Robust quantification of riverine land cover dynamics by high-resolution remote sensing

Abstract Floodplain areas belong to the most diverse, dynamic and complex ecological habitats of the terrestrial portion of the Earth. Spatial and temporal quantification of floodplain dynamics is needed for assessing the impacts of hydromorphological controls on river ecosystems. However, estimation of land cover dynamics in a post-classification setting is hindered by a high contribution of classification errors. A possible solution relies on the selection of specific information of the change map, instead of increasing the overall classification accuracy. In this study, we analyze the capabilities of Unmanned Aerial Systems (UAS), the associated classification processes and their respective accuracies to extract a robust estimate of floodplain dynamics. We show that an estimation of dynamics should be built on specific land cover interfaces to be robust against classification errors and should include specific features depending on the season-sensor coupling.
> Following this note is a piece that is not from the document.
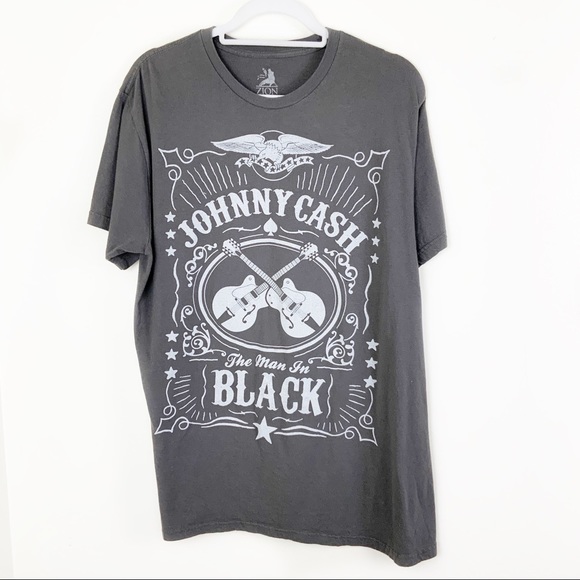 Zion Rootswear Tops - Johnny Cash The Man In Black Graphic Tee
We use five different sets of features and determine the optimal combination to use information largely based on blue and infrared bands with the support of texture and point cloud metrics at leaf-off conditions. In this post-classification setting, the best observation of dynamics can be achieved by focusing on the gravel-water interface. The semi-supervised approach generated error of 10% of observed changes along highly dynamic reaches using these two land cover classes. The results show that a robust quantification of floodplain land cover dynamics can be achieved by high-resolution remote sensing.